=== Data extract ===

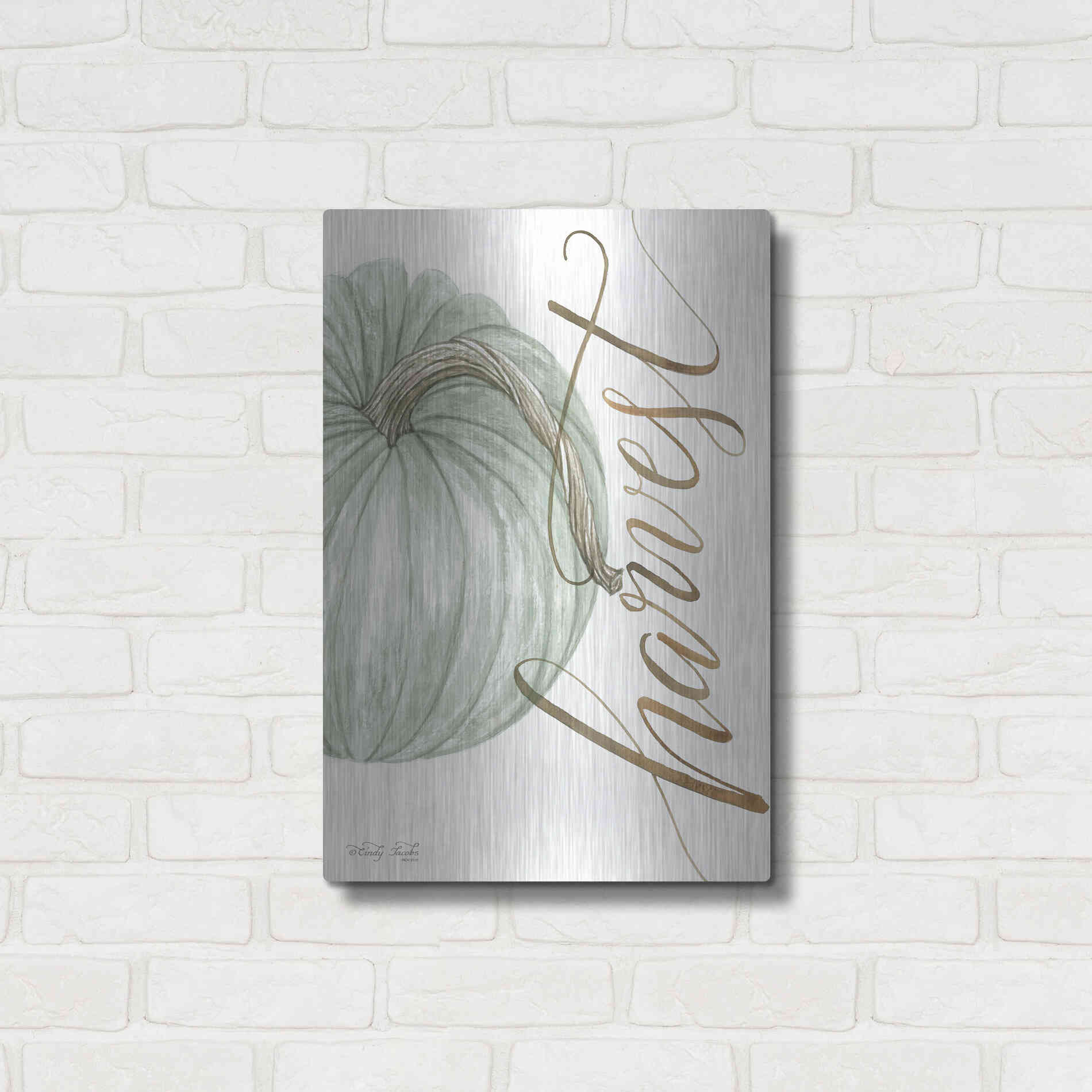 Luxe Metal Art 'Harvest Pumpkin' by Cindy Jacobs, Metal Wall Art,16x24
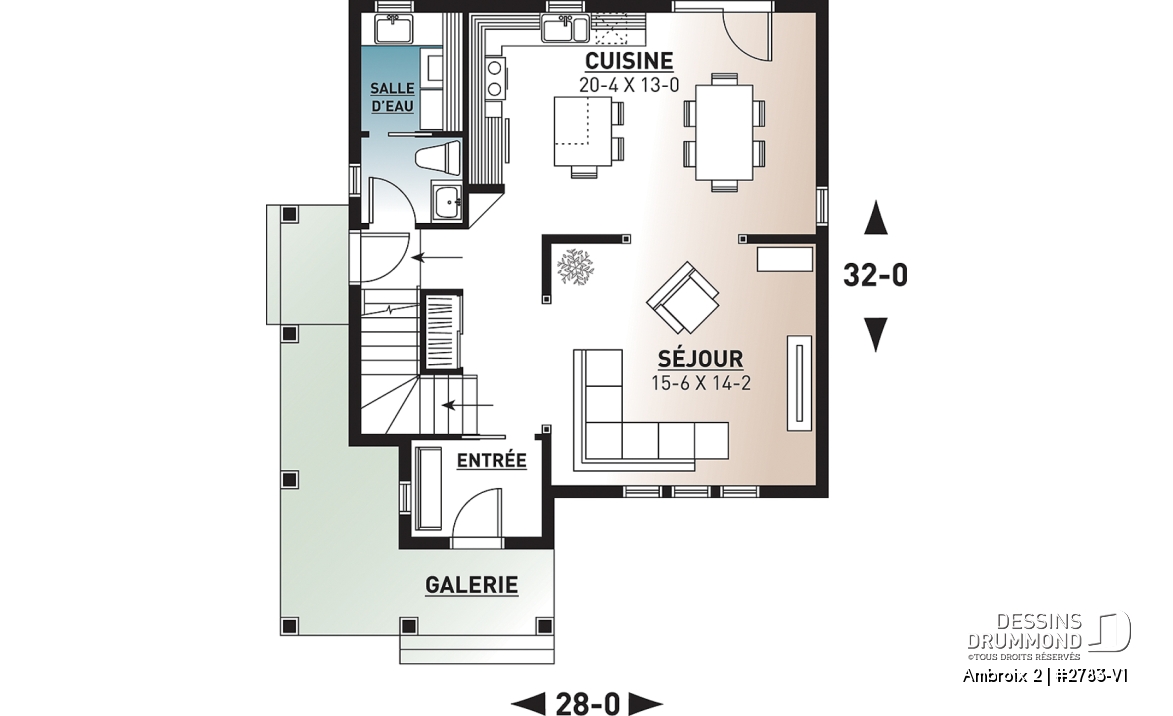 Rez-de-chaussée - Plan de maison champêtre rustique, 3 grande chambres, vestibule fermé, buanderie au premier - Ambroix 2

===
=== Data extract ===

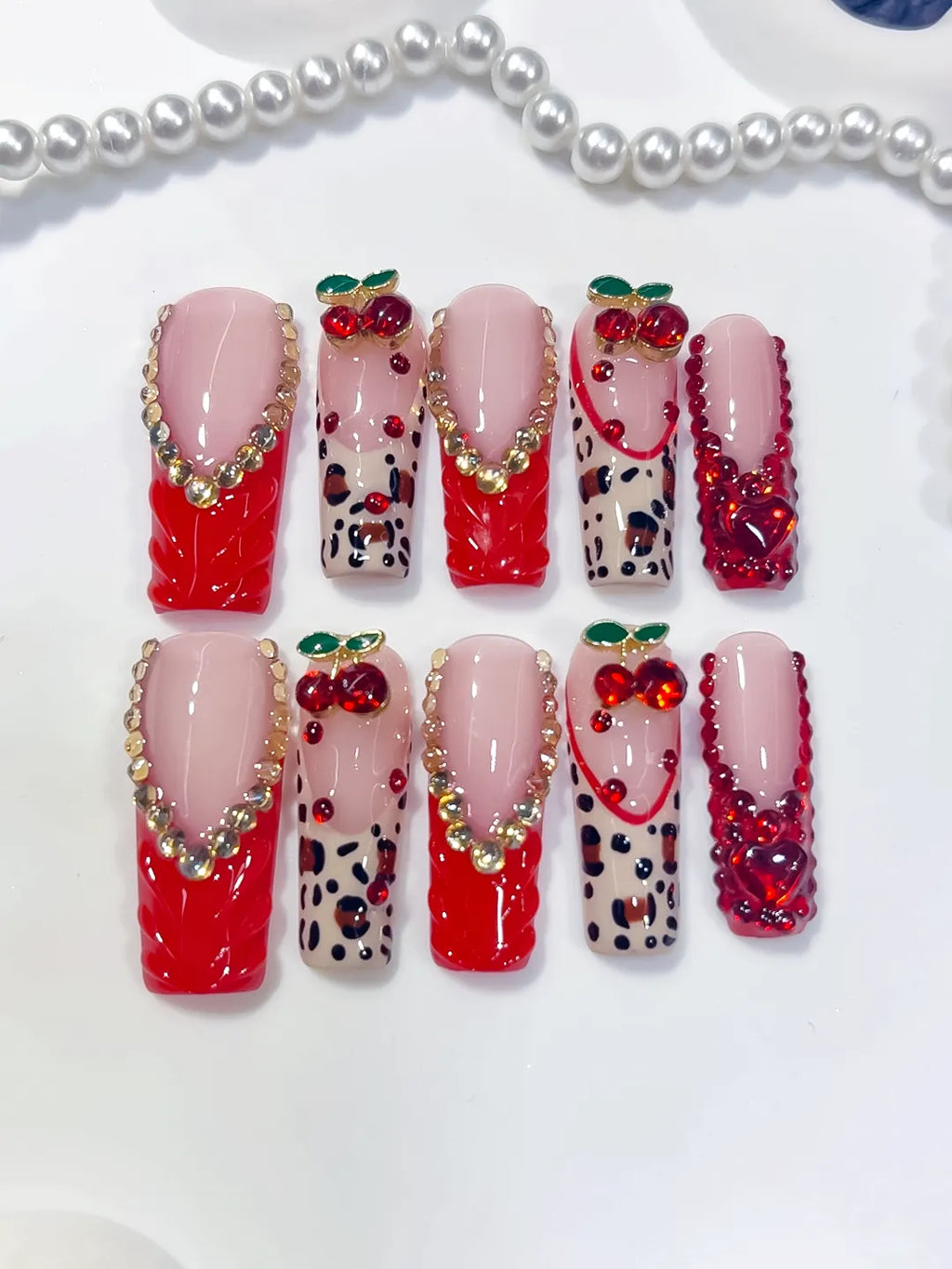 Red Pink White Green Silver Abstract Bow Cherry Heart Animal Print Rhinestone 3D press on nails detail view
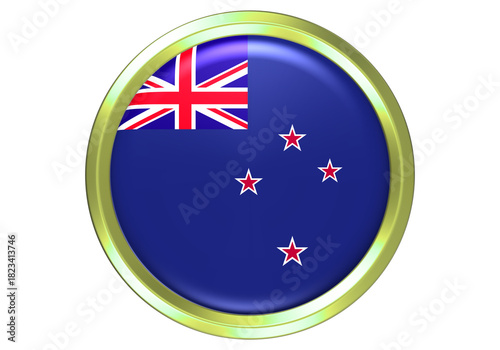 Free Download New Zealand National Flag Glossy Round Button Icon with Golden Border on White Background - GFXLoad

===
=== Data extract ===

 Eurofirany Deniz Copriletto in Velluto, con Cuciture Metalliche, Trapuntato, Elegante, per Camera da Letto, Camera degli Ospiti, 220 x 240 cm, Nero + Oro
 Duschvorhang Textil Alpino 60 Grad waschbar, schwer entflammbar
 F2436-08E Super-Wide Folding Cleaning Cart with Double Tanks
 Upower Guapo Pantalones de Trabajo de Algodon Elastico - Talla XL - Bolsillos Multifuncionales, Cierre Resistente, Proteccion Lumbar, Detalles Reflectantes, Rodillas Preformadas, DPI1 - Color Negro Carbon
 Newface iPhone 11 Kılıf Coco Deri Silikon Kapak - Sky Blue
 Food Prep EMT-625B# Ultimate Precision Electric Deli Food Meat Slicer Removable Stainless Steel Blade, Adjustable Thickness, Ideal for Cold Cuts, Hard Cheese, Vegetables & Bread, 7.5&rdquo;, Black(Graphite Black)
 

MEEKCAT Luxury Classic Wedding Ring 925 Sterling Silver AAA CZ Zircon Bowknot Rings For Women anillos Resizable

===

Action item: Your answer must consist solely of the lines above between the line holding "Newface iPhone 11" and the line holding "Food Prep EMT-625B#", inclusive, copied exactly.

Task answer:
 Newface iPhone 11 Kılıf Coco Deri Silikon Kapak - Sky Blue
 Food Prep EMT-625B# Ultimate Precision Electric Deli Food Meat Slicer Removable Stainless Steel Blade, Adjustable Thickness, Ideal for Cold Cuts, Hard Cheese, Vegetables & Bread, 7.5&rdquo;, Black(Graphite Black)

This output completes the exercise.